Vicente Verdú
Ayer quedé sorprendido cuando un intelectual de primera fila mundial confesó en la mesa, con la mayor desenvoltura y desparpajo, que él no entendía nada de cuestiones estéticas. ¿Se puede poseer un pensamiento brillante y ser opaco a la belleza? No poseer gusto por los colores del mundo, carecer de capacidad para descubrir la belleza no escrita de un cuadro, sufrir la impotencia para distinguir entre una arquitectura de calidad y una horterada ¿puede ser compatible con una inteligencia admirable?
No es la primera vez que tropiezo con autores de este tipo que desmienten con el adefesio de sus ropas o el desatino de sus juicios estéticos la creencia de una mente lúcida que sirve para alumbrarse en todas las direcciones espirituales.

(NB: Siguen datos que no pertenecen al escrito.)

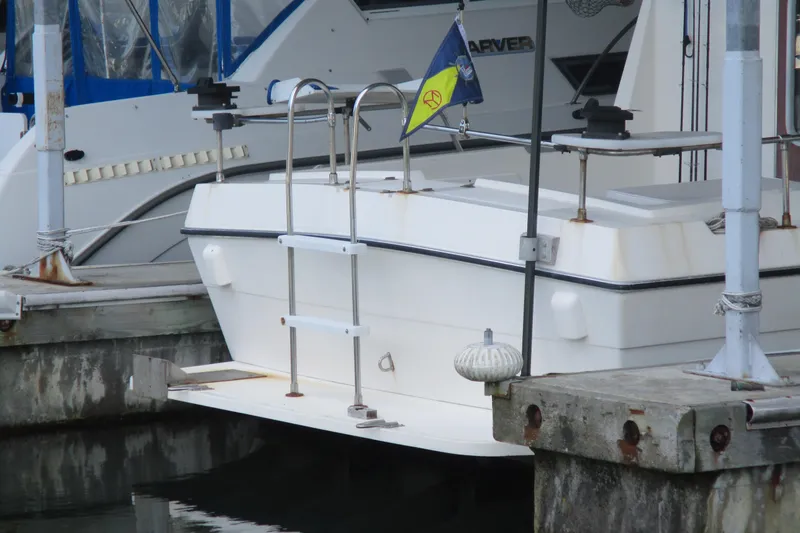 Slide: The Image of 1988 Commander 26 boat docked, featuring a ladder and a colorful flag at the stern. - 5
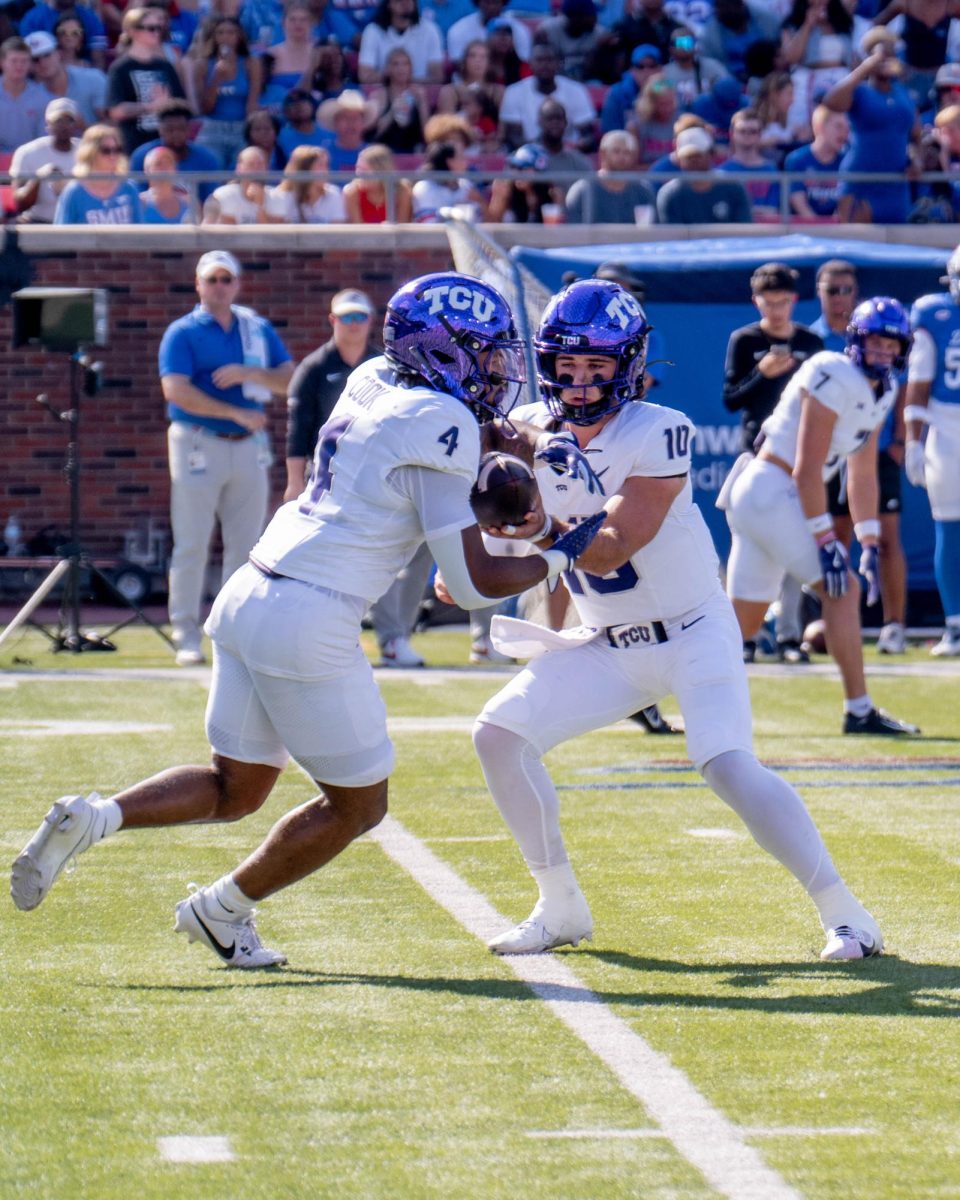 Josh Hoover hands off the ball to Cam Cook at Gerald J. Ford Stadium, Sept. 21, 2024. The TCU Horned Frogs were defeated by the SMU Mustangs 44-66. (TCU 360 Photo by Shane Manson)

Desde luego, siempre he sospechado del criterio de los pintores, los directores de cine, los escritores o los diseñadores, que elegían mal sus faldas, sus bolsos, sus calcetines o sus corbatas. Sentirse indiferentemente con unas ropas u otras suele ser indicio de poca sensibilidad integral o de una sensibilidad polarizada o profesionalizada. Un poeta, pongamos por caso, no lo es para una especial actividad sino para una general visión del mundo. Un artista tiene que ser, por definición, un esteta. Un intelectual, efectivamente, no es un poeta pero ¿cómo deglutir, sin consecuencias, la declaración de que es un tonto para lo estético? De inmediato, no importa cuánto le admiremos, el hombre o la mujer lúcida se empaña, su clarividencia se ensombrece, su imagen se atasca o se colapsa.